PROBLEM DETAILS:
Please give the records below again in full, exactly, with the images left out.

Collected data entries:

┄┄┄┄┄┄

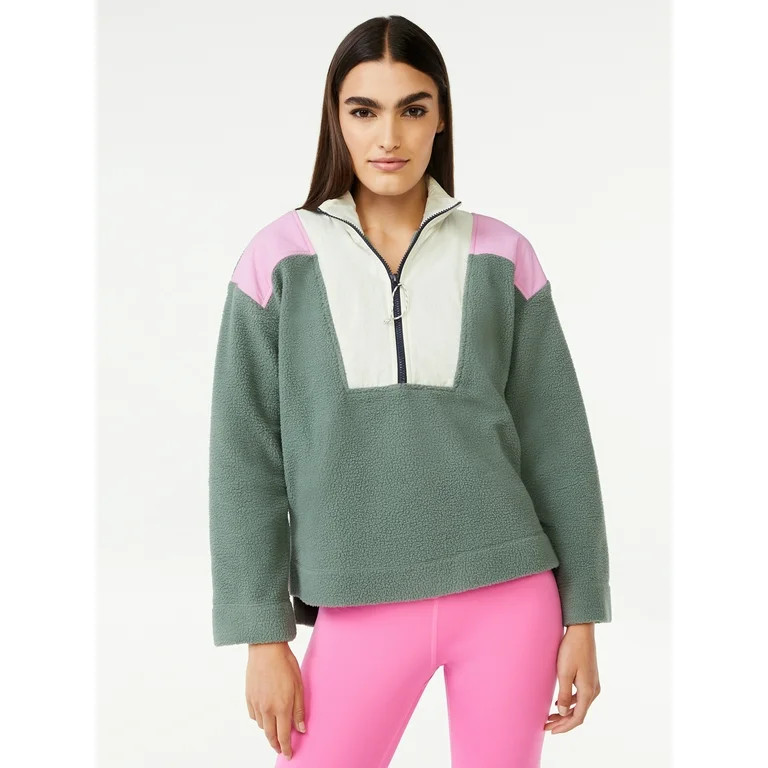 Free Assembly Women's Half Zip Mixy Popover | Walmart (US)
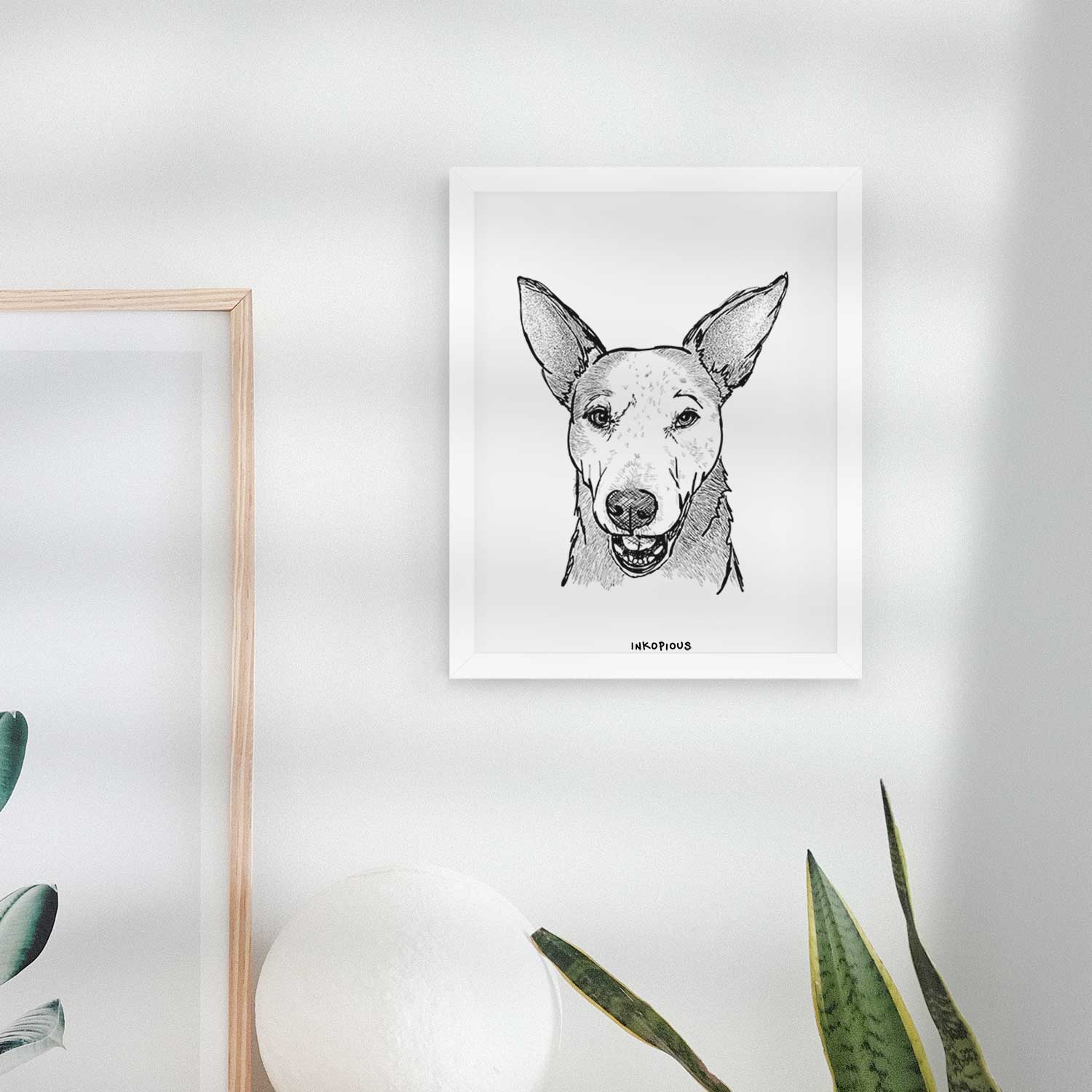 Doodled Giselle the Australian Cattle Dog Mix Art Print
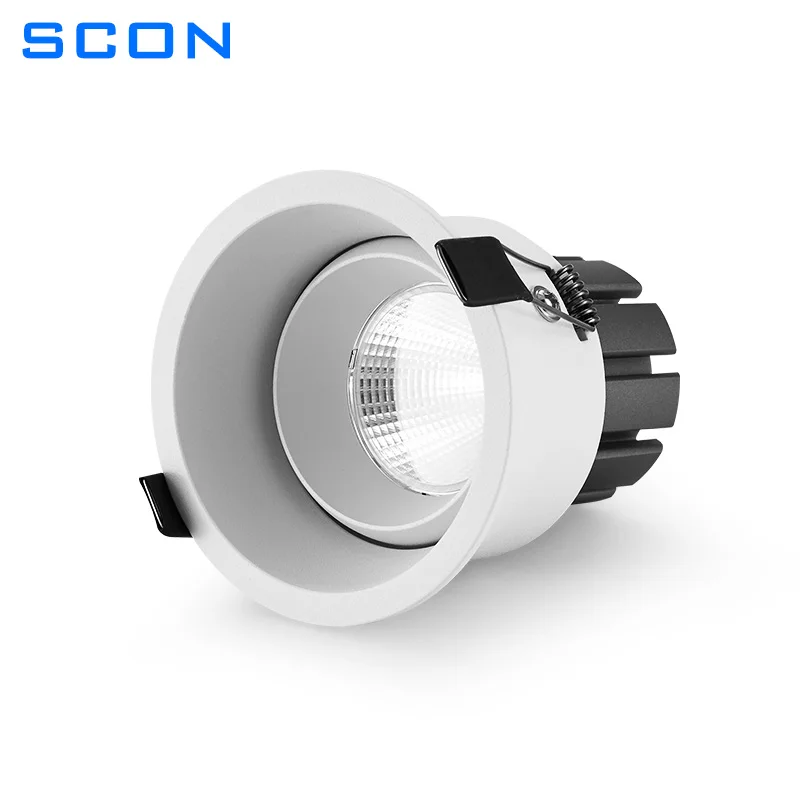 SCON LED Downlight 5W 7W 12W Anti-Glare Ceiling Lamp LED Spot Lights Home Living Room Bedroom Kitchen COB Recessed Downlight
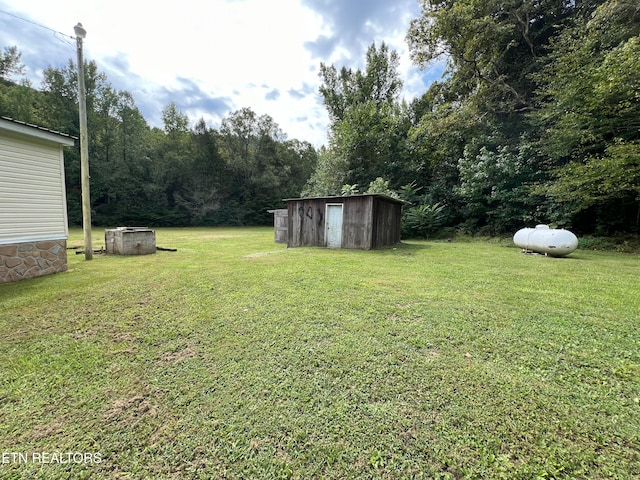 view of yard with a shed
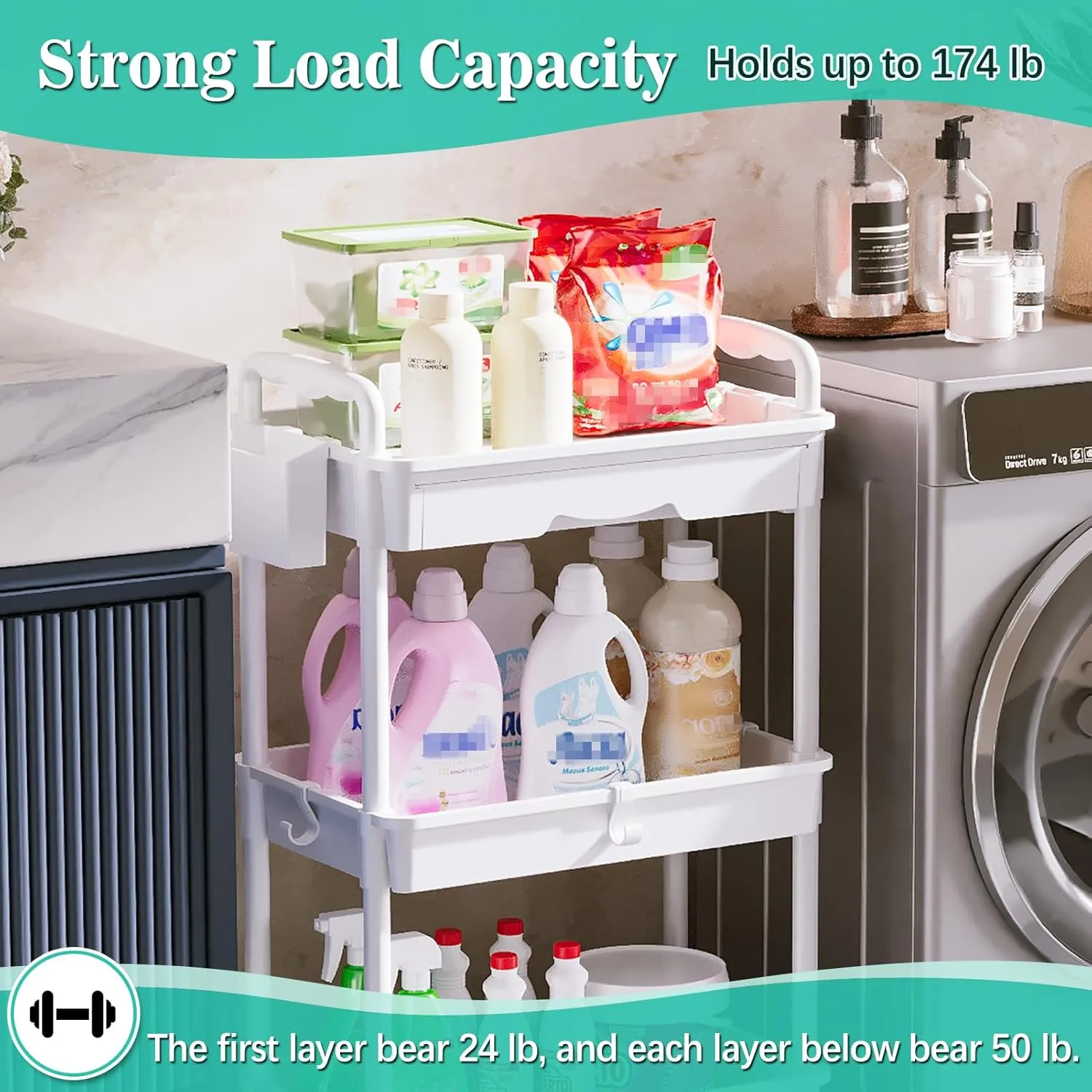 3-Tier Rolling Cart with Drawer & Lockable Wheels, Plastic Shelf Storage Organizer Cart – Easy Assembly, Waterproof Design for Kitchen, Bathroom, Office, White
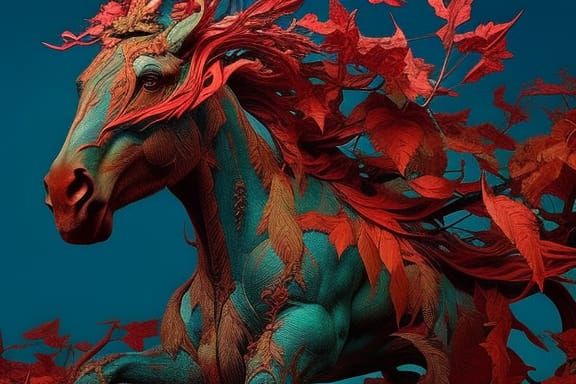 Mythical Wooden Unicorn with Red Leaves Mane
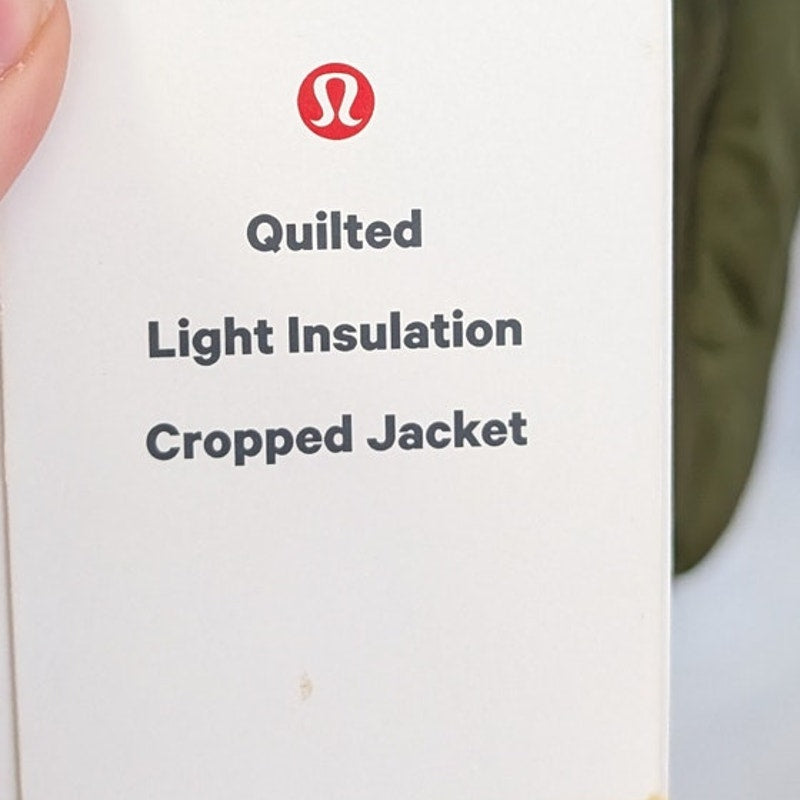 Lululemon Quilted Light Insulation Cropped Jacket W4BXTS Womens 8 Green NWT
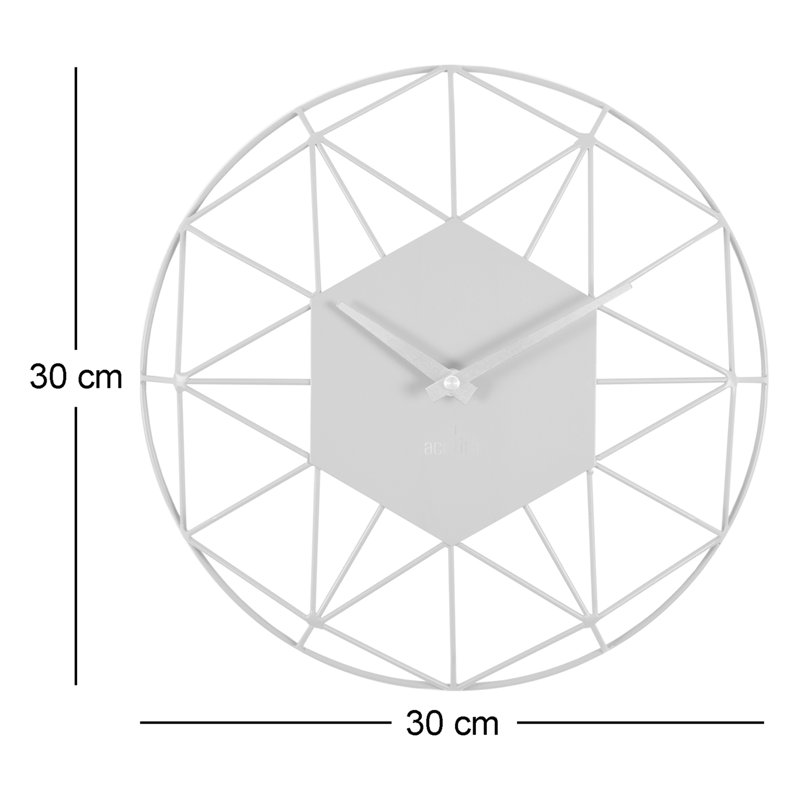 Acctim Wall Clock Quartz Metal Geometric Wire Frame Open Dial 30cm, Black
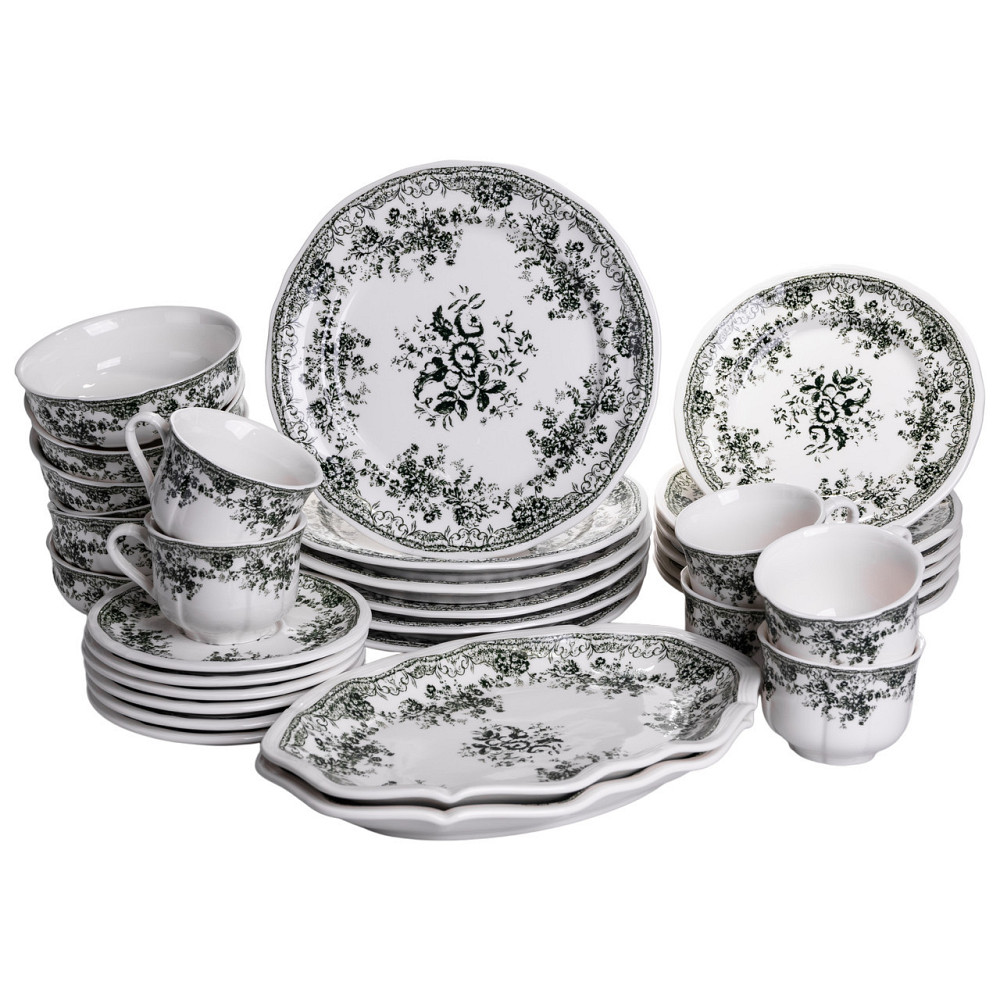 Столовий набір посуду 32 предмети на 6 осіб Vintage Elegant порцеляновий Чорний YY78-7A Київ - фото 1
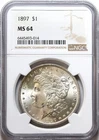 1897 $1 Morgan Silver Dollar NGC MS64 - Excellent Luster - Lightly Toned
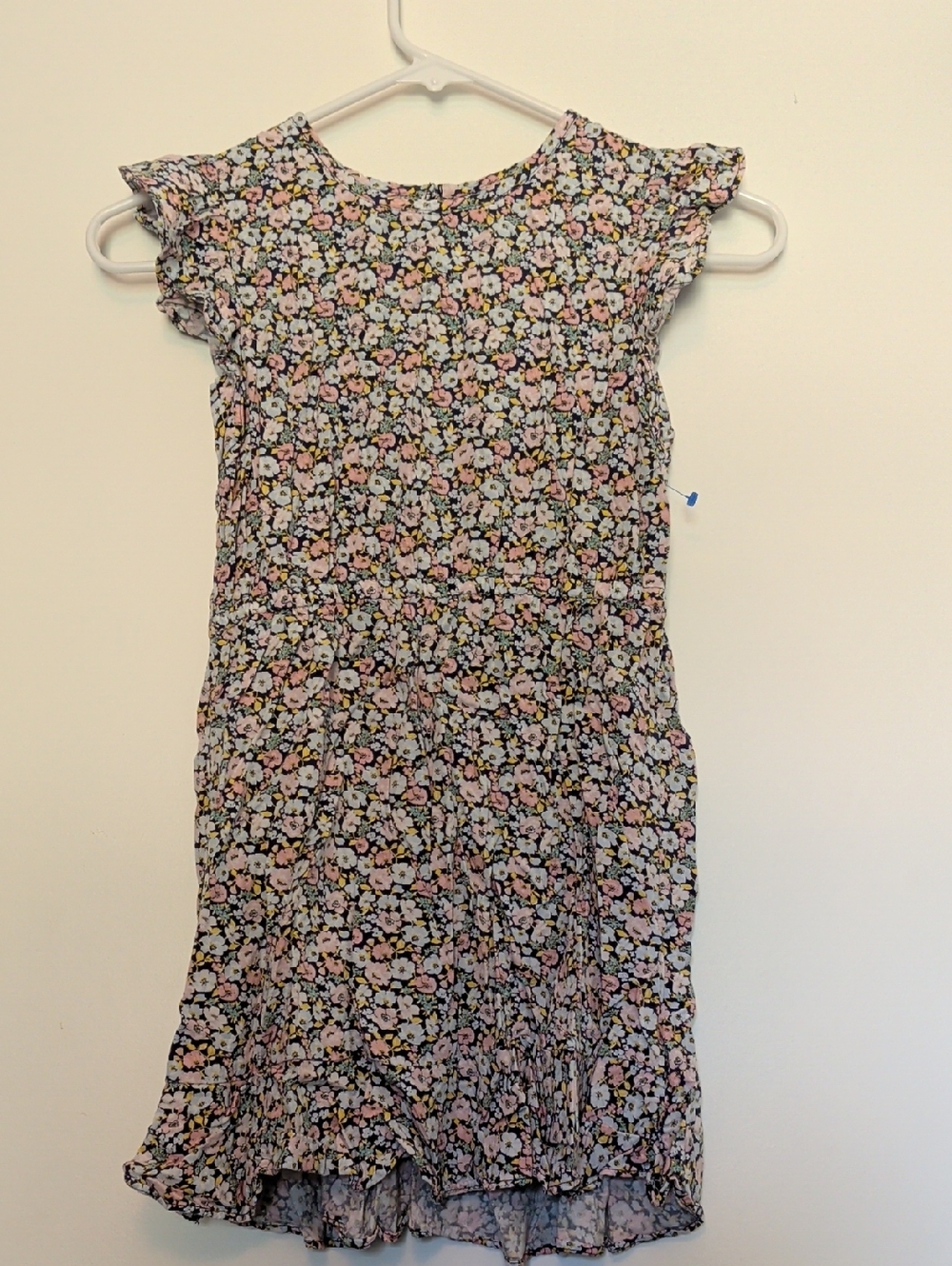 Carter's Black Floral Ruffle Sleeve Casual Dress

┄┄┄┄┄┄

RESPONSE:
 Free Assembly Women's Half Zip Mixy Popover | Walmart (US)
 Doodled Giselle the Australian Cattle Dog Mix Art Print
 SCON LED Downlight 5W 7W 12W Anti-Glare Ceiling Lamp LED Spot Lights Home Living Room Bedroom Kitchen COB Recessed Downlight
 view of yard with a shed
 3-Tier Rolling Cart with Drawer & Lockable Wheels, Plastic Shelf Storage Organizer Cart – Easy Assembly, Waterproof Design for Kitchen, Bathroom, Office, White
 Mythical Wooden Unicorn with Red Leaves Mane
 Lululemon Quilted Light Insulation Cropped Jacket W4BXTS Womens 8 Green NWT
 Acctim Wall Clock Quartz Metal Geometric Wire Frame Open Dial 30cm, Black
 Столовий набір посуду 32 предмети на 6 осіб Vintage Elegant порцеляновий Чорний YY78-7A Київ - фото 1
 1897 $1 Morgan Silver Dollar NGC MS64 - Excellent Luster - Lightly Toned
 Carter's Black Floral Ruffle Sleeve Casual Dress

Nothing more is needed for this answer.